We can then use the list.len method to find out how many tweets we collected.

In [0]:
print(len(brexitTweets))

pandas can be used to structure tweets data into a pandas DataFrame to simplify the data manipulation. DataFrames are a 2-dimensional, size-mutable, potentially heterogeneous tabular data structure with labeled axes (rows and columns). 

Here, we'll create a  tweetsDF with three columns text, lang, and country. The 'text' column contains the main tweet text, the lang column contains the language in which the tweet was written, and country is the country from which the tweet was sent.

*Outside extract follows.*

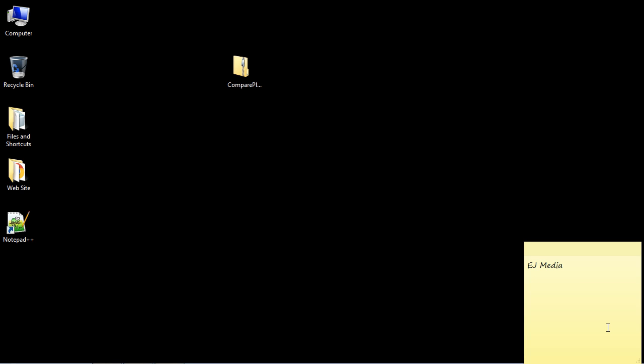When you are coding, it's important to have a good tool. One of the most widely used tools is Notepad++. It's the one I primarily use when I'm working on code, and I've been using that throughout many of my series.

We first create an empty tweetsDF. Then the map() function is used to applies the lambda function of extracting the given key to each JSON element of brexitTweets list and assiagns a list of the results to each column on the tweetsDF.

In [0]:
tweetsDF = pd.DataFrame()

In [0]:
tweetsDF['text'] = list(map(lambda tweet: tweet['text'], brexitTweets))
tweetsDF['lang'] = list(map(lambda tweet: tweet['lang'], brexitTweets))
tweetsDF['country'] = list(map(lambda tweet: tweet['place']['country'] if tweet['place'] != None else None, brexitTweets))
tweetsDF.describe()

Now we've got the tweets in a better managable data structure, it's easy to use pyplot from matplotlib to plot charts.
The following code looks for the top 5 languages the tweets were written in and displays a bar chart.


In [0]:
tweets_by_lang = tweetsDF['lang'].value_counts()

fig, ax = plt.subplots()
ax.tick_params(axis='x', labelsize=15)
ax.tick_params(axis='y', labelsize=10)
ax.set_xlabel('Languages', fontsize=15)
ax.set_ylabel('Number of tweets' , fontsize=15)
ax.set_title('Top 5 languages', fontsize=15, fontweight='bold')
tweets_by_lang[:5].plot(ax=ax, kind='bar', color='green')

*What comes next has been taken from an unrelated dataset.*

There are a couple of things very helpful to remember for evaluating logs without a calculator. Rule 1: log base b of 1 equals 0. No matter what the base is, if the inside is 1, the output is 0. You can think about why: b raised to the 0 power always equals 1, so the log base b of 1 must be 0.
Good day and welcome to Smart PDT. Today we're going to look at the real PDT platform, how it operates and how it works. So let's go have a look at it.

This code illustrates the top 5 countries where the tweets were written

In [0]:
tweets_by_country = tweetsDF['country'].value_counts()

fig, ax = plt.subplots()
ax.tick_params(axis='x', labelsize=15)
ax.tick_params(axis='y', labelsize=10)
ax.set_xlabel('Countries', fontsize=15)
ax.set_ylabel('Number of tweets' , fontsize=15)
ax.set_title('Top 5 countries', fontsize=15, fontweight='bold')
tweets_by_country[:5].plot(ax=ax, kind='bar', color='grey')

Same results displayed in a pie chart.

In [0]:
tweets_by_country = tweetsDF['country'].value_counts()
tweets_by_country[:5].plot(kind='pie', label='Top 5 Countries')

#3 Activity
Once you've completed this notebook, experiment with the same code in PyCharm. 

In your PyCharm project create a file called Lab3_TwitterStreaming.py. Remember to make sure you replace all strings starting with "ENTER YOUR..." with your own twitter credentials into access_token, access_token_secret, consumer_key, and consumer_secret.